Saturday, March 31st, 2007

As a first interesting point, ViEmu sales are very strong now. At the level of sales I had reached in the second half of 2006, I could live off of ViEmu exclusively, even if a bit tightly. I’ve definitely lived with quite a lot less than that. In February, I released ViEmu for Word & Outlook and updated the web site design to present the three products and to get a more professional look. I was expecting a lot of existing ViEmu/VS customers to buy the Word & Outlook version – I offered a 15% discount as an incentive and to show my appreciation for their support. Quite a few bought the new product, but nowhere near a significant fraction (surprise). Anyway, February sales were about 30% higher than in January. I was also expecting lower sales in March, as the existing-customer-conversion factor would disappear, but nope. March sales have been over 30% higher than in February. Surprise again, this time a happy one.

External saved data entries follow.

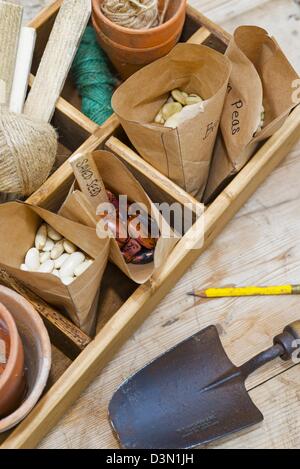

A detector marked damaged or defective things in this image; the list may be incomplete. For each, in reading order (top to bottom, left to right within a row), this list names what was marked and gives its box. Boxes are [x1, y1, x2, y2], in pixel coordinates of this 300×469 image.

rusty garden trowel [109, 320, 300, 448]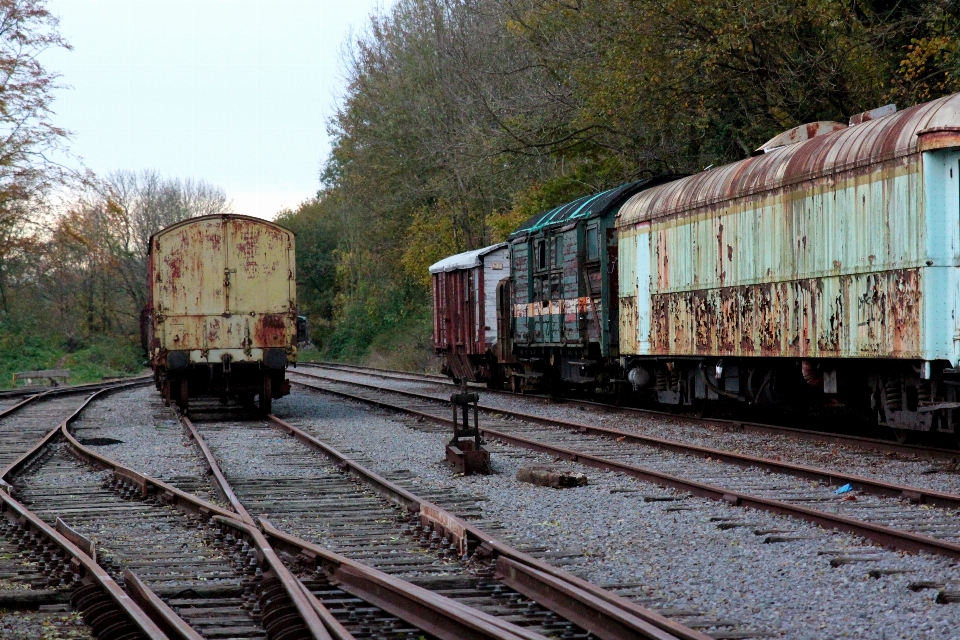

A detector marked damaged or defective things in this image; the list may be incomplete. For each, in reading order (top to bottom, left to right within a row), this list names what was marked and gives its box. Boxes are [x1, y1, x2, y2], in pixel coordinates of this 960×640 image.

rusty metal roof [620, 91, 960, 226]
rusty freight wagon [143, 215, 296, 412]
rusty freight wagon [432, 244, 510, 384]
rusty freight wagon [502, 178, 676, 392]
rusty freight wagon [620, 92, 960, 438]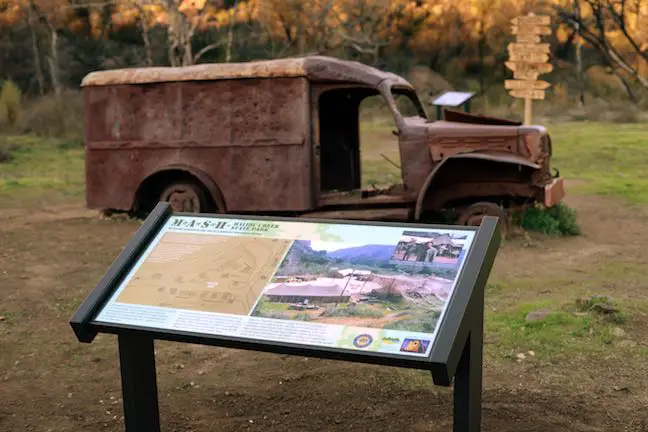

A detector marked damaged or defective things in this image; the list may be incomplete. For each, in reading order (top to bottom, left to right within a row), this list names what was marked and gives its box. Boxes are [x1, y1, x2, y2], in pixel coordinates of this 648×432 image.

rusty abandoned truck [81, 55, 564, 235]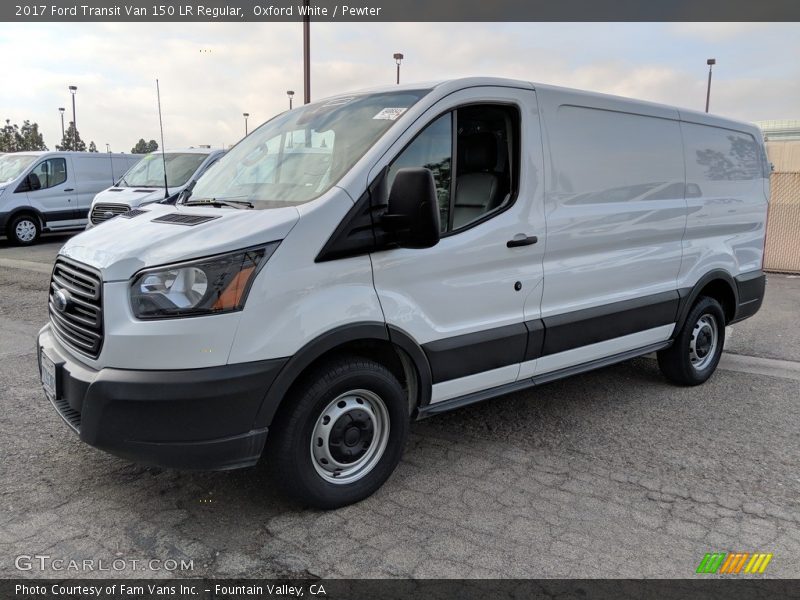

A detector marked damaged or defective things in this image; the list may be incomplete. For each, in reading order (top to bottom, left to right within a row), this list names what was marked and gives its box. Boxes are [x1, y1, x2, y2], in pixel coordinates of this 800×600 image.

cracked asphalt [1, 237, 800, 580]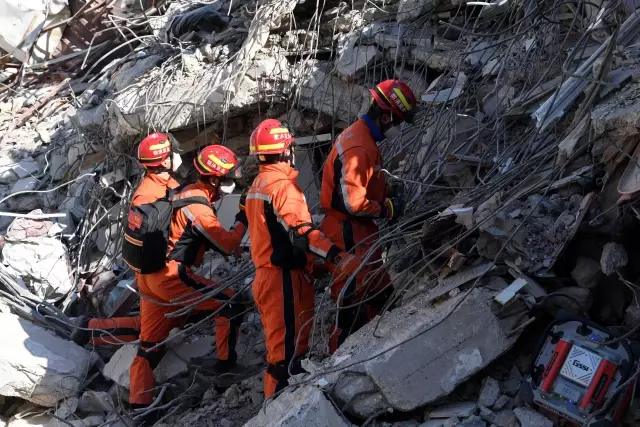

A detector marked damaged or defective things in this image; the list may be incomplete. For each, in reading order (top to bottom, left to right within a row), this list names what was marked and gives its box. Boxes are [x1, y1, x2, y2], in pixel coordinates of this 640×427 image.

broken concrete slab [600, 242, 632, 276]
broken concrete slab [0, 314, 93, 408]
broken concrete slab [322, 290, 524, 420]
broken concrete slab [242, 386, 350, 426]
broken concrete slab [512, 408, 552, 427]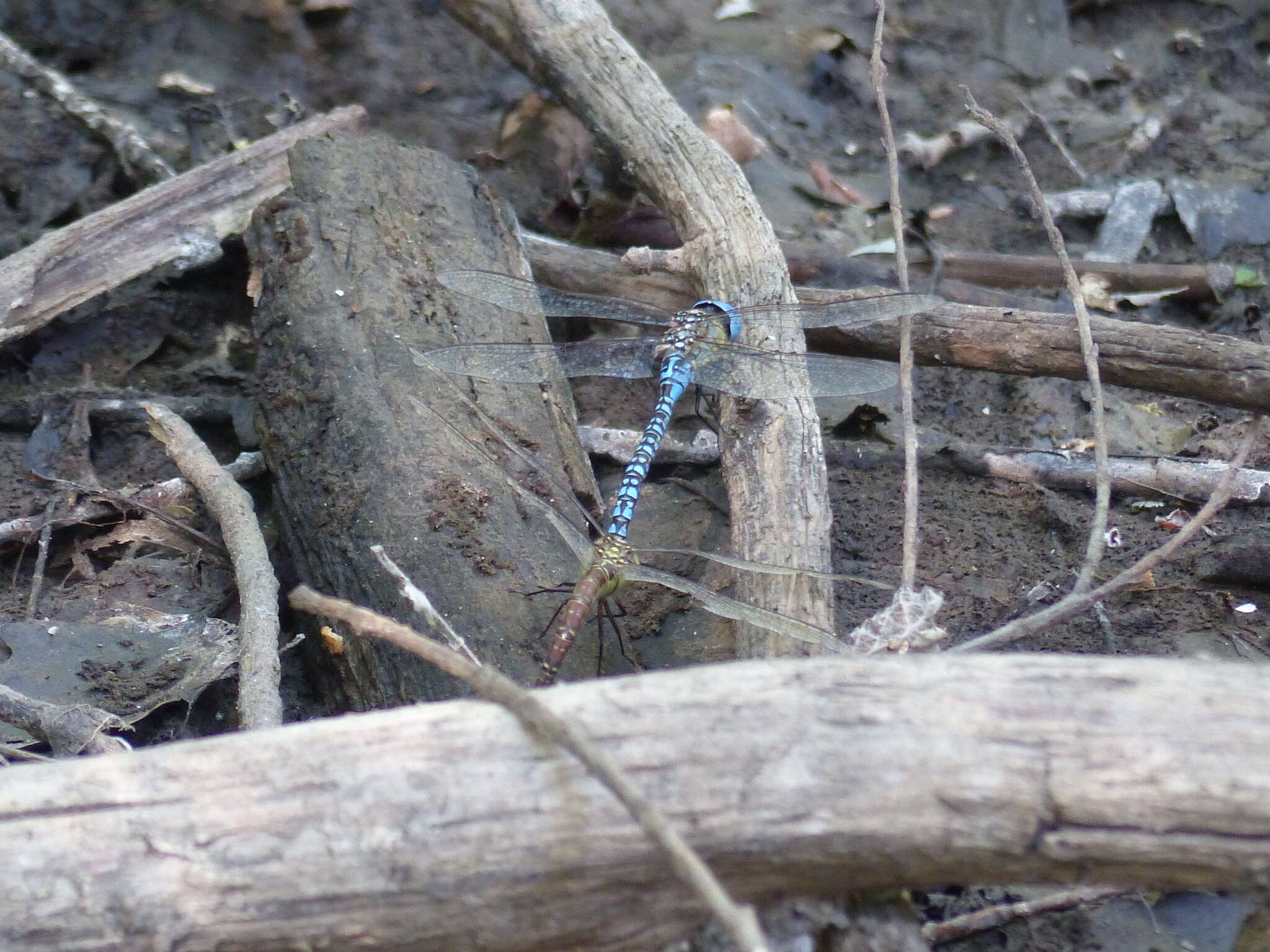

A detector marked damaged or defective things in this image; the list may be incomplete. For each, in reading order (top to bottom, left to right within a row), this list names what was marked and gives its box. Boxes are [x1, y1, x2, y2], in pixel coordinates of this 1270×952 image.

broken wood piece [1, 105, 368, 350]
broken wood piece [7, 654, 1270, 952]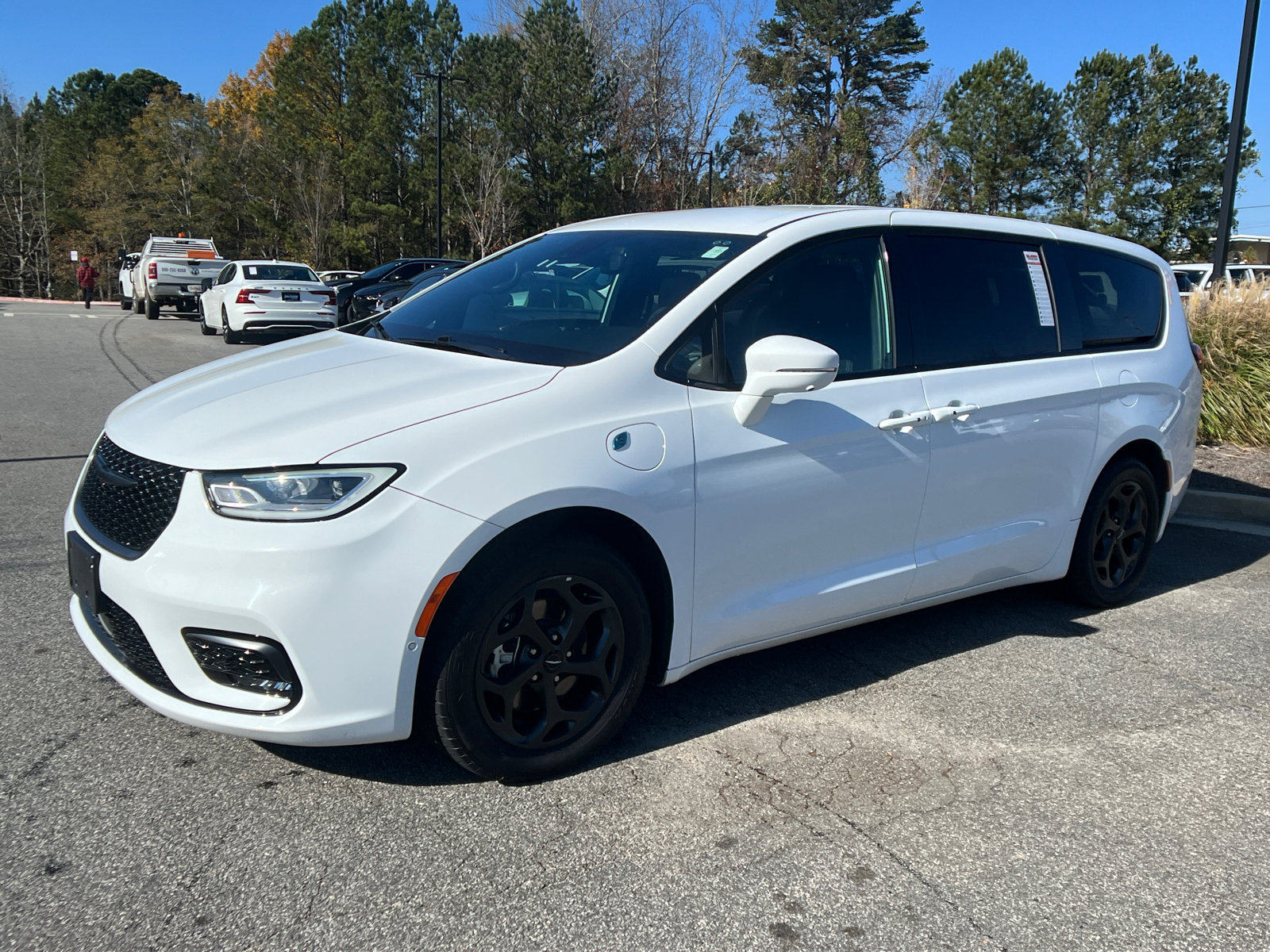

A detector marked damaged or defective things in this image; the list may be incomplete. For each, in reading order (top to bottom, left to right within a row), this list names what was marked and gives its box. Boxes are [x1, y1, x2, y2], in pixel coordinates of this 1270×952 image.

This means that I can currently work full time in ViEmu and the text editor. Which, by the way, I’m already doing. I still have some ties to my previous day job, helping out now and then with areas which have not been covered by anyone else, but it’s a small part of my time. Hopefully, this will diminish further over the next weeks and months, until my involvement there is virtually non-existent. In any case, this is the moment sales allow fulltime dedication with ample room for slack – about 2 years since I first started, and 1.5 years since the release of ViEmu/VS 1.0. I’m single and have no major financial obligations, and I can live on quite little, so someone with a family and a morgage to pay would probably need more than that, but I hope this can be an interesting data point for others starting up out there – development takes time, marketing and building up awareness takes time, taking the product to a mature stage takes time, reaching the point where hundreds of people will talk about your product and support in such a favorable way that others will easily decide to buy, also takes time. Definitely wall-clock effort time, but calendar time is also necessary.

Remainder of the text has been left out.